* **DATA EXTRACTS**:
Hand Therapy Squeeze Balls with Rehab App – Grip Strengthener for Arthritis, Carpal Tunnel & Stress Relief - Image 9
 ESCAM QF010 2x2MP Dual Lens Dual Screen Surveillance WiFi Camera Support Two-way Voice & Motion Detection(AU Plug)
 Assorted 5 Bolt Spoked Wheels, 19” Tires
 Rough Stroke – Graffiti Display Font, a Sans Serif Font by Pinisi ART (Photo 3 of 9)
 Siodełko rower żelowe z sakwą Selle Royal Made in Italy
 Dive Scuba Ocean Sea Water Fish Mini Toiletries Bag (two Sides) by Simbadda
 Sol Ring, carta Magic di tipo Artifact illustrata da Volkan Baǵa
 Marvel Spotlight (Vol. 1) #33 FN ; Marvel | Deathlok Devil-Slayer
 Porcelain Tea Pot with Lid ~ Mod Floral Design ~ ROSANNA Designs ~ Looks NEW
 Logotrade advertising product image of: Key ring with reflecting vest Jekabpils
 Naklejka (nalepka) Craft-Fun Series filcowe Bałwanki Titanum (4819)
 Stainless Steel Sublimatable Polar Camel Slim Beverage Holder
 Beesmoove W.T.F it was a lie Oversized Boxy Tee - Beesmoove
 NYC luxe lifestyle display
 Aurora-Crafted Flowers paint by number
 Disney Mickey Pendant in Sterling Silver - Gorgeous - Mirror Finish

* **ACTIVITY**:
Reproduce all the records. Keep them exact, please.

* **TASK OUTPUT**:
Hand Therapy Squeeze Balls with Rehab App – Grip Strengthener for Arthritis, Carpal Tunnel & Stress Relief - Image 9
 ESCAM QF010 2x2MP Dual Lens Dual Screen Surveillance WiFi Camera Support Two-way Voice & Motion Detection(AU Plug)
 Assorted 5 Bolt Spoked Wheels, 19” Tires
 Rough Stroke – Graffiti Display Font, a Sans Serif Font by Pinisi ART (Photo 3 of 9)
 Siodełko rower żelowe z sakwą Selle Royal Made in Italy
 Dive Scuba Ocean Sea Water Fish Mini Toiletries Bag (two Sides) by Simbadda
 Sol Ring, carta Magic di tipo Artifact illustrata da Volkan Baǵa
 Marvel Spotlight (Vol. 1) #33 FN ; Marvel | Deathlok Devil-Slayer
 Porcelain Tea Pot with Lid ~ Mod Floral Design ~ ROSANNA Designs ~ Looks NEW
 Logotrade advertising product image of: Key ring with reflecting vest Jekabpils
 Naklejka (nalepka) Craft-Fun Series filcowe Bałwanki Titanum (4819)
 Stainless Steel Sublimatable Polar Camel Slim Beverage Holder
 Beesmoove W.T.F it was a lie Oversized Boxy Tee - Beesmoove
 NYC luxe lifestyle display
 Aurora-Crafted Flowers paint by number
 Disney Mickey Pendant in Sterling Silver - Gorgeous - Mirror Finish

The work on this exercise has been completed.